WTO Protests, Seattle, November 1999. © Dean Wong. Wong is featured in Susan Noyes Platt’s Art and Politics Now

Susan Noyes Platt is perhaps not the best person to quote on issues of online (media) activism, as her primary interest is politically engaged artforms, direct action and the perfected combination of both. However, I feel her reservations about blogging may be fairly representative of many people.

I just attended the opening of Noyes Platt’s curated show, Cultural Activism in a Time of Crisis at Seattle Central Community College. The art was electrifying and, based on the first chapter, so is her book Art and Politics Now.*

Already Art and Politics Now has touched upon Alfredo Jaar, Trevor Paglen, Walid Ra’ad and the WTO protests in Seattle. Details enlivening to read and ideas that are bliss to connect with.

Noyes Platt:

“Cyberspace is not a joyous collection of people who come together in the street.”

A truism if I ever heard one, but she goes on:

“That physical event, collective street action, is an aesthetic act, the embodying of the act of resistance. The body of a political march is a creative body. It is a seething, joyful, and celebratory act of collective communal resistance. Cyberspace is an individual experience limited to a demographic and economic elite that creates invaluable networks, even as it atomizes them. Blogging for example, provides collective information, but it also can simply keep people at home, well informed, but hovering over a screen, alone.”

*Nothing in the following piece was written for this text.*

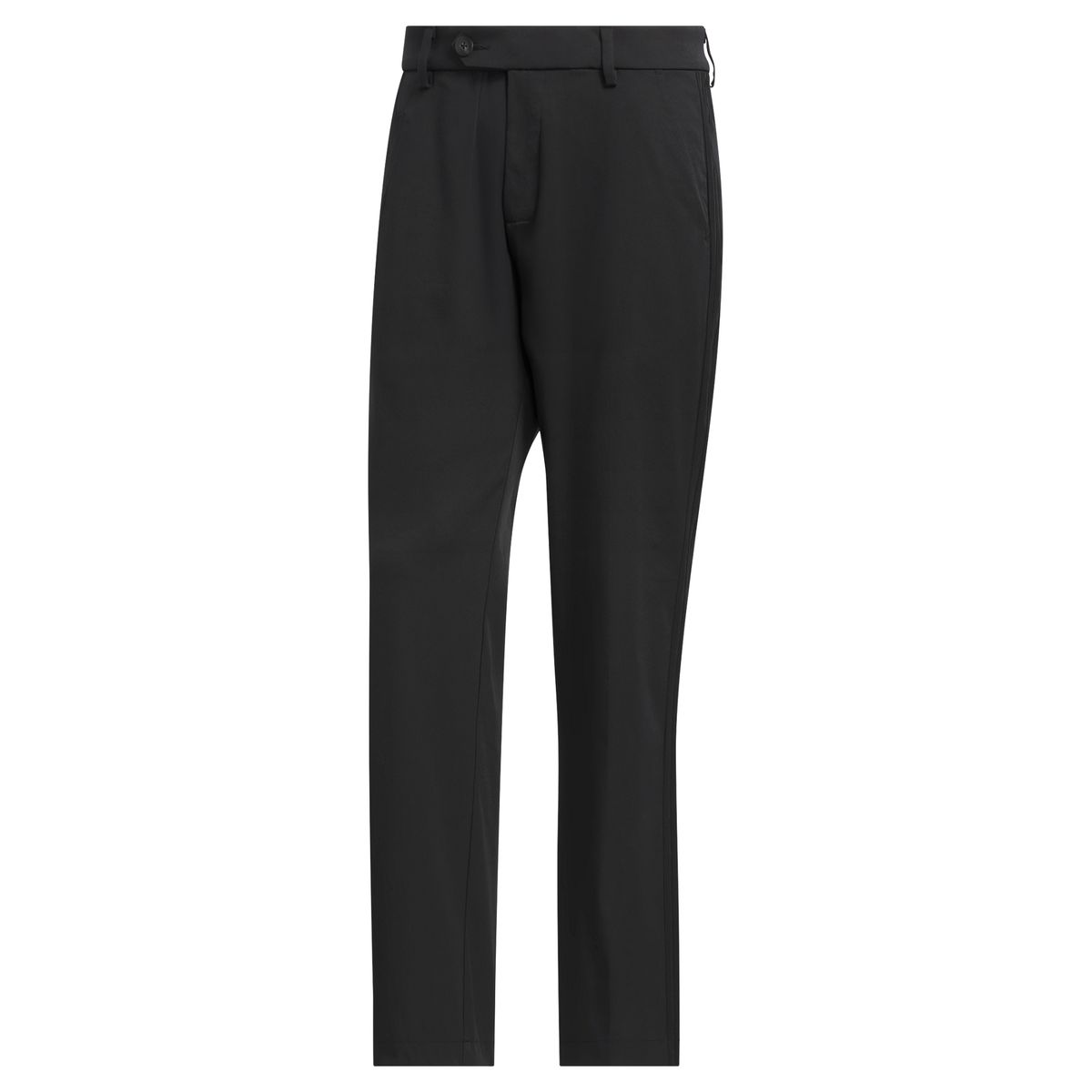 아디다스 골프(ADIDAS GOLF) 오리지널스 트위스트위브 팬츠 KS5712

I quote this because for all the importance, thought [1, 2, and 3] and energy I put into blogging, it ain’t worth zip if I’m not connecting and being with people who are acting in the physical world to stake their political claim.

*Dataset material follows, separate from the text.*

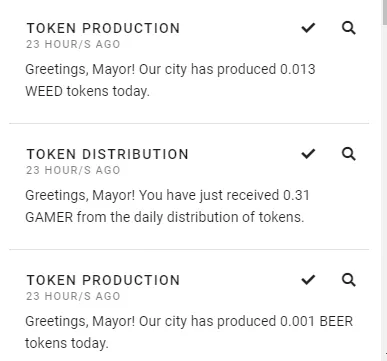Token Production - WEED GAMER BEER.PNG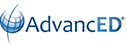 AdvancEd Accreditation Logo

There are good arguments against the hegemony of the biggest social networks and yet some studies have shown internet users are more socially engaged. What to think? Firstly, Facebook’s degree of evil is yet to be determined. Secondly, correlation is not causation and perhaps it’s just that active people are bouncing through both cyber and real spaces? Ultimately, responsibility for use of blogs and other social media rests upon individuals’ personal (life) balance: screentime vs. playtime.

My basic message remains … HIT THE STREETS!

* It took a blog post by Jim Johnson for the tip off on Susan’s amazing academic activism right here in my own city of Seattle.